#### [Requirement]
Look below for the line that has "Samsung Galaxy S21"; output exactly from it through the line that has "4pc Friction Fit Jack Pad Riser Set T70568", and leave the pictures out.

◆ ◆ ◆ ◆ ◆

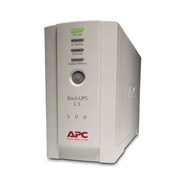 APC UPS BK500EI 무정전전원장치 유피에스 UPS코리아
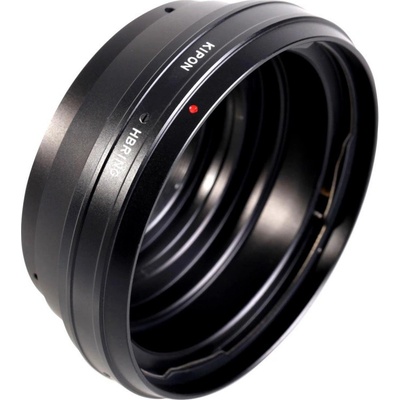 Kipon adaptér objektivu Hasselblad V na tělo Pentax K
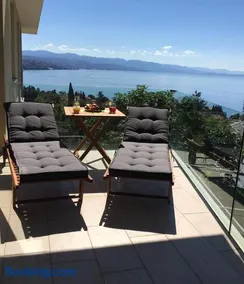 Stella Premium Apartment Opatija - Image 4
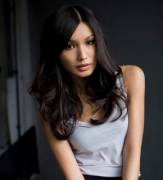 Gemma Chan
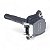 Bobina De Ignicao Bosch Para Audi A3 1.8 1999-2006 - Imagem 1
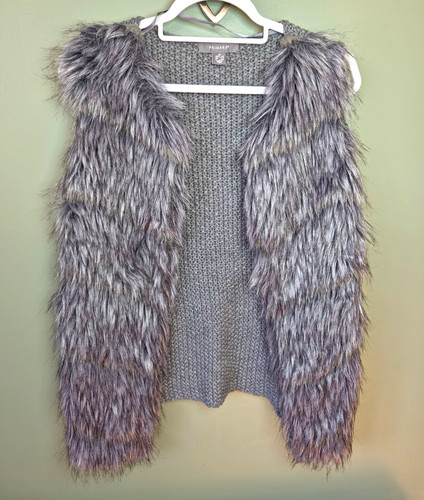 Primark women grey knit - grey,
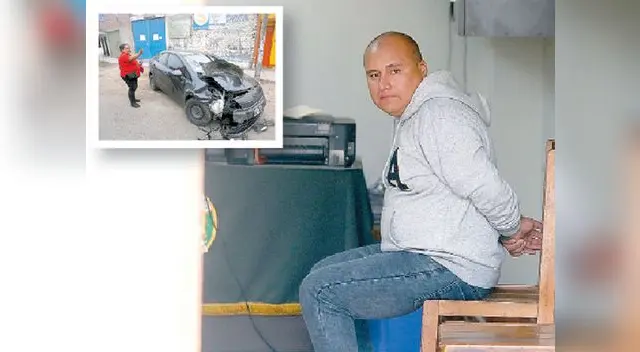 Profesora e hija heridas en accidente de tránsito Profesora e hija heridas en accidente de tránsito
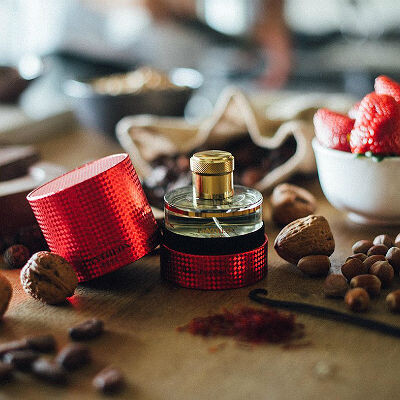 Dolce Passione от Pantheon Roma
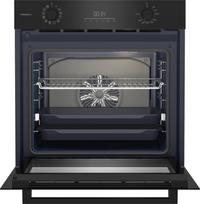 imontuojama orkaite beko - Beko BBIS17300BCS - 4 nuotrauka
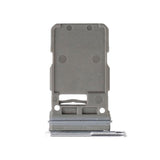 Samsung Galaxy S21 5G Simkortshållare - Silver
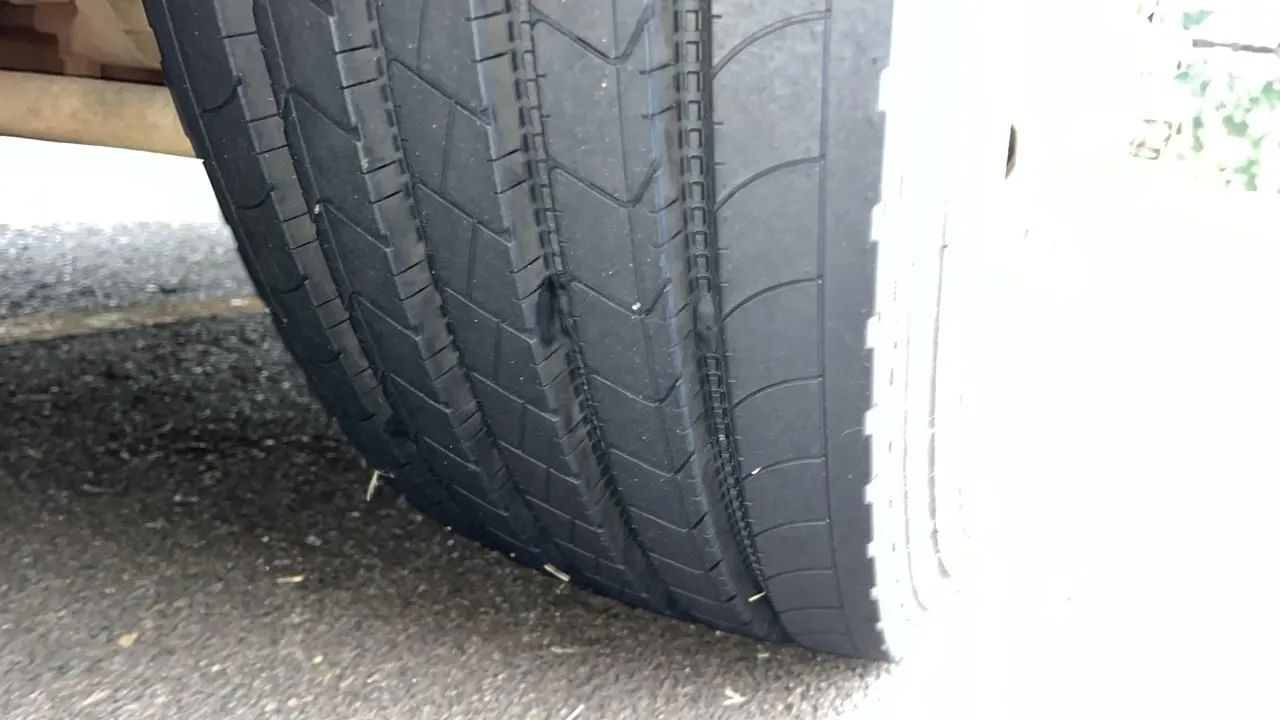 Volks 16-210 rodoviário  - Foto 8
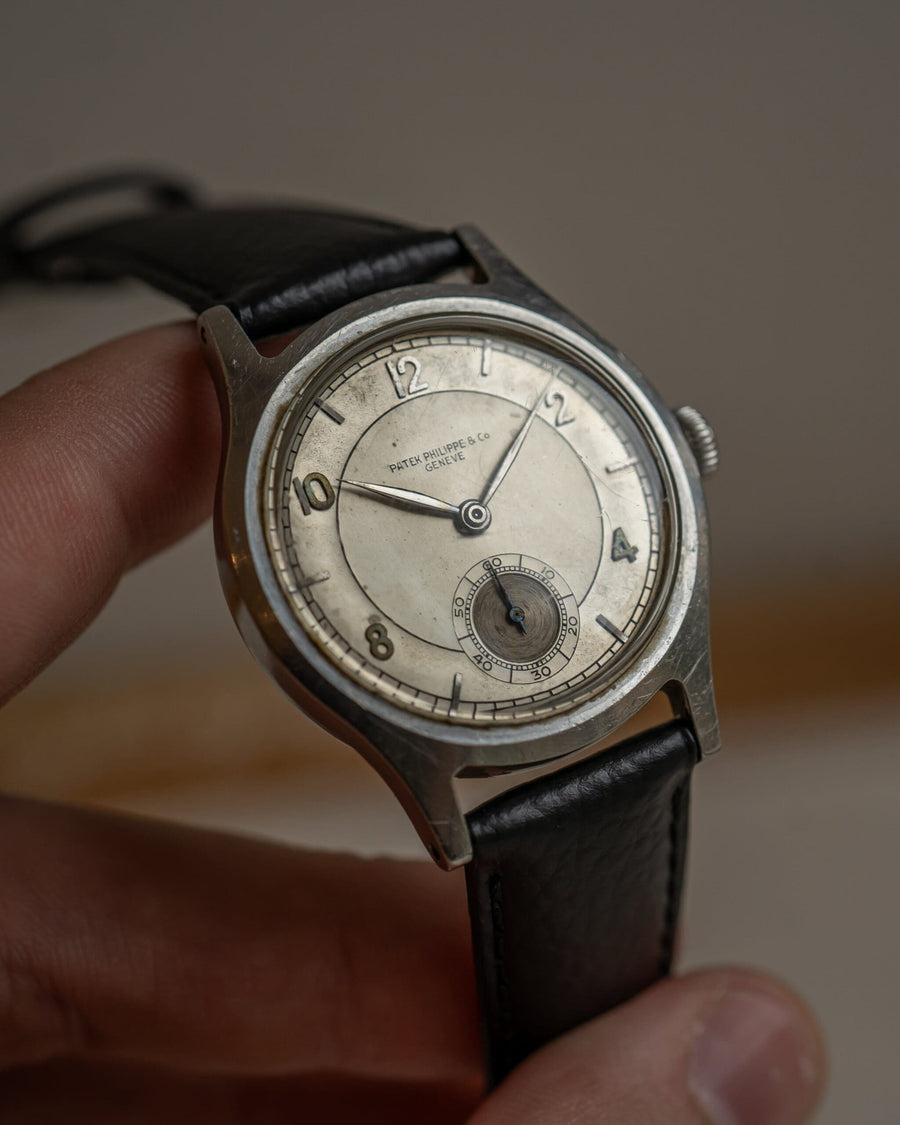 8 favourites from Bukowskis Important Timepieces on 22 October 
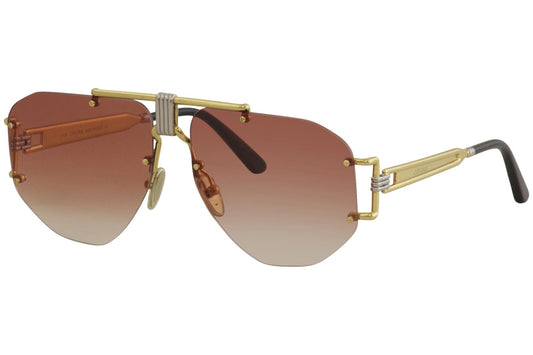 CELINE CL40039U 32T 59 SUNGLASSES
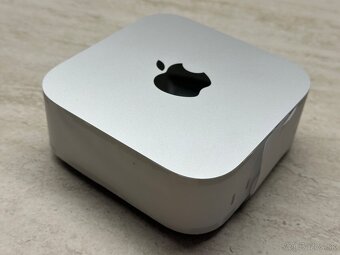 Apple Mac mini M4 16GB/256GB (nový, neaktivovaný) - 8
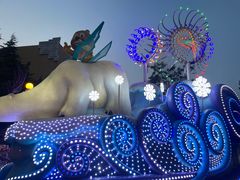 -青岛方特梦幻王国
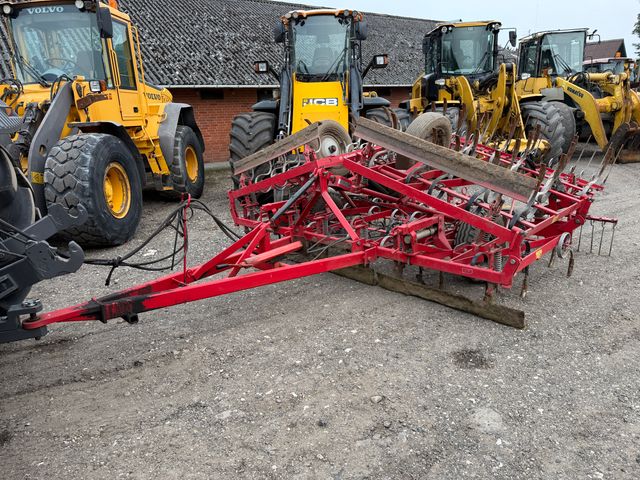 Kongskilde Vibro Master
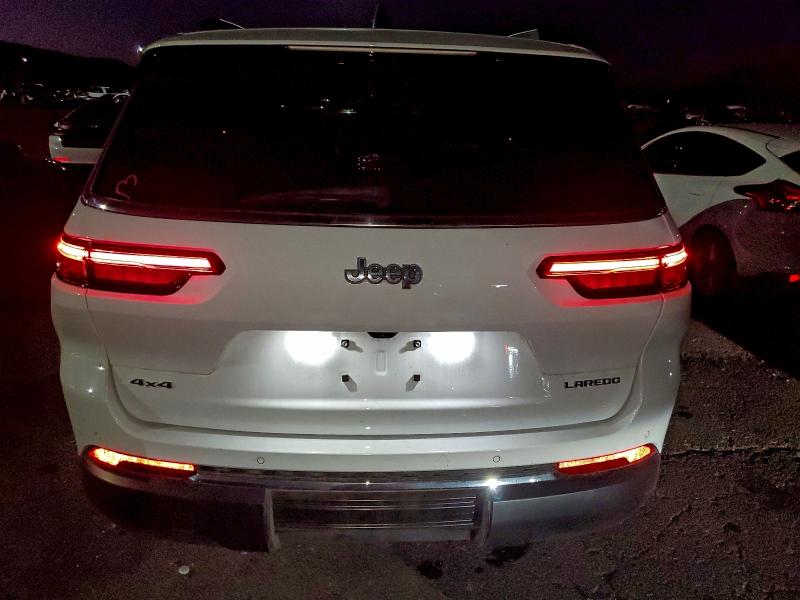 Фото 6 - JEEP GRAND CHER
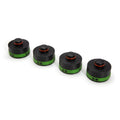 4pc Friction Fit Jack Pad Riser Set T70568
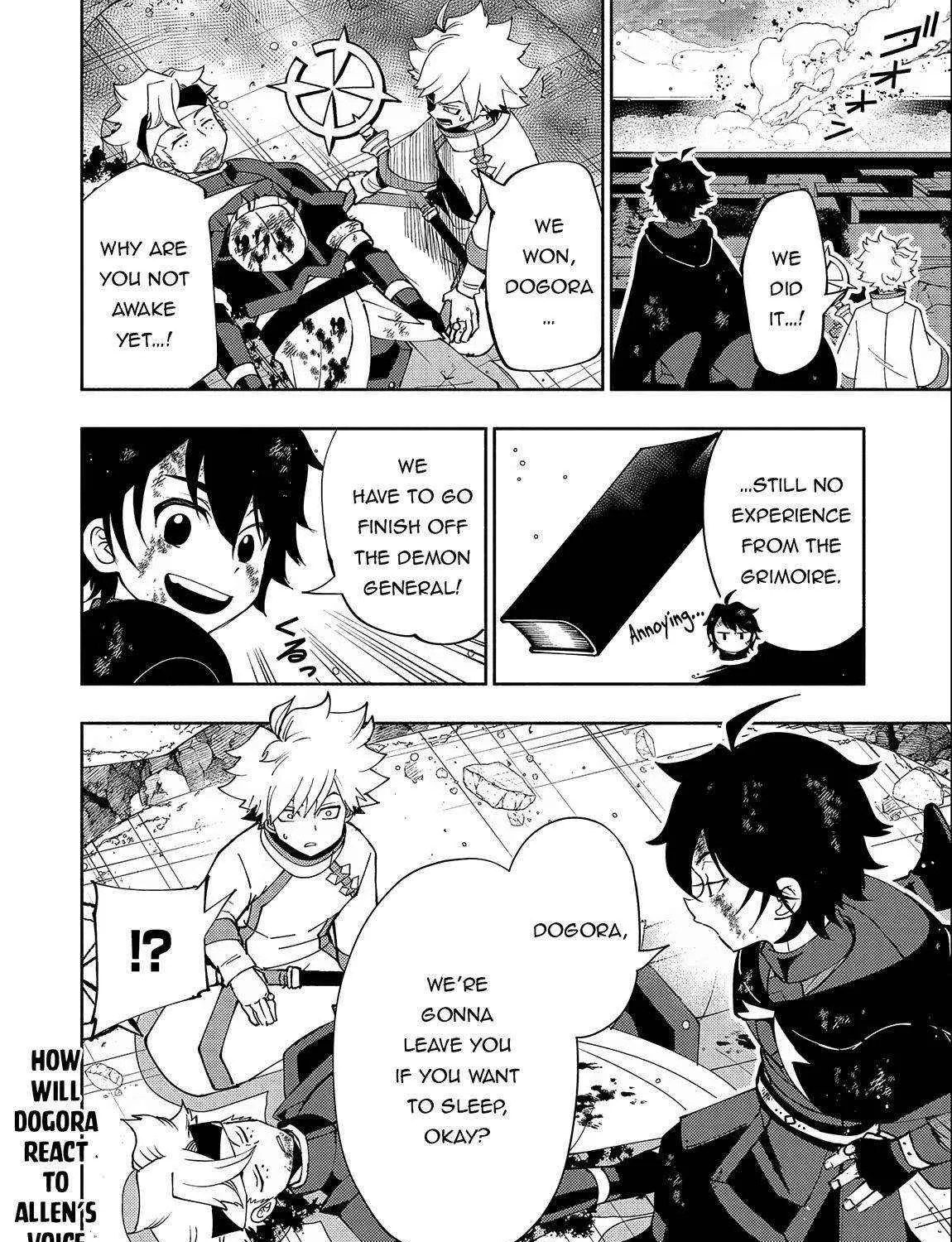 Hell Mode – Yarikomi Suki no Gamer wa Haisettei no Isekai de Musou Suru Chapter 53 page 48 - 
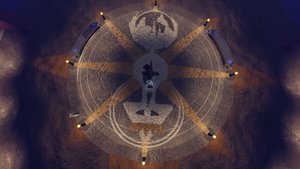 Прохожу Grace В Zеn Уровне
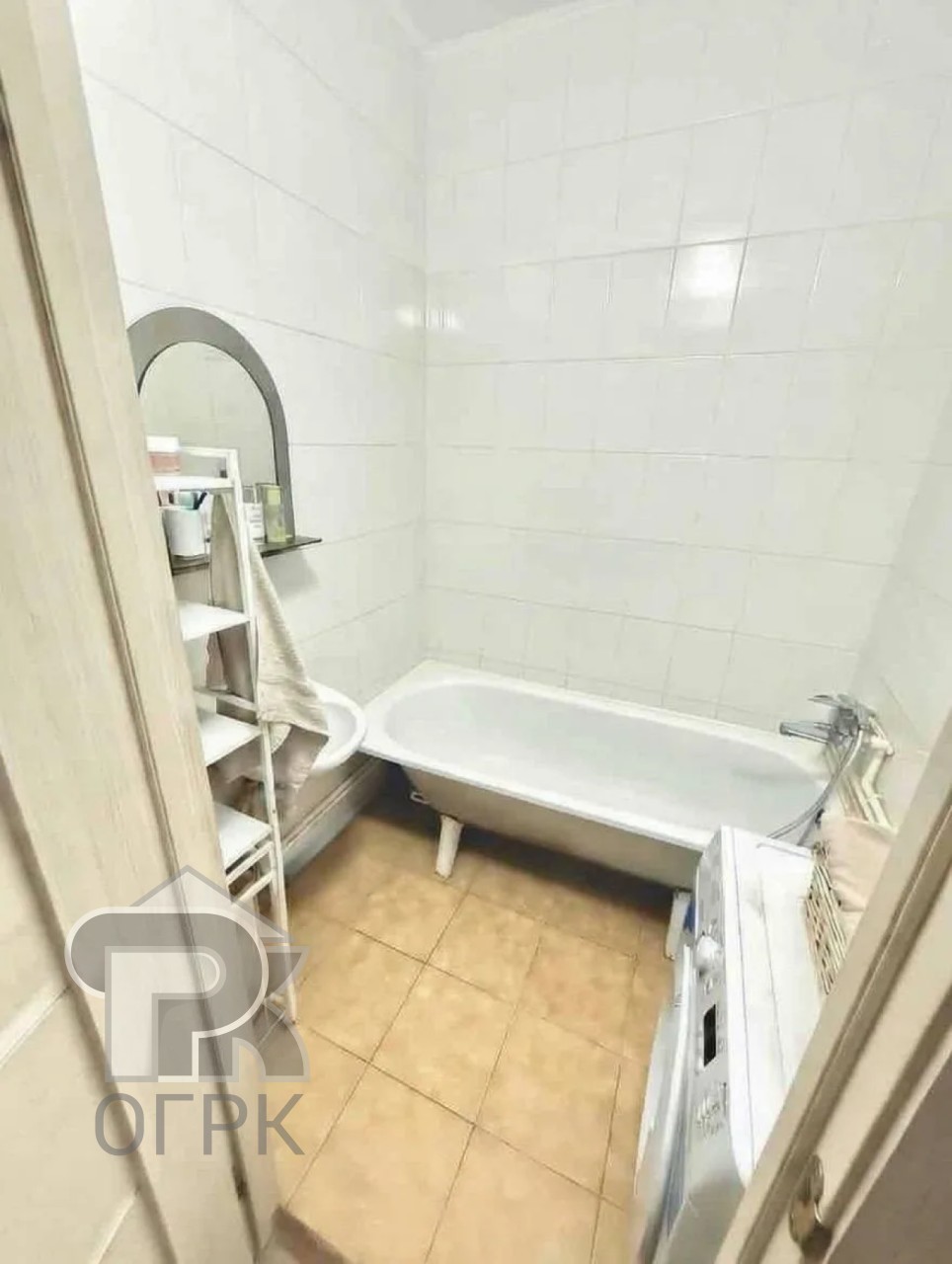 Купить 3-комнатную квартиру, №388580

◆ ◆ ◆ ◆ ◆

#### [Exercise response]
 Samsung Galaxy S21 5G Simkortshållare - Silver
 Volks 16-210 rodoviário  - Foto 8
 8 favourites from Bukowskis Important Timepieces on 22 October 
 CELINE CL40039U 32T 59 SUNGLASSES
 Apple Mac mini M4 16GB/256GB (nový, neaktivovaný) - 8
 -青岛方特梦幻王国
 Kongskilde Vibro Master
 Фото 6 - JEEP GRAND CHER
 4pc Friction Fit Jack Pad Riser Set T70568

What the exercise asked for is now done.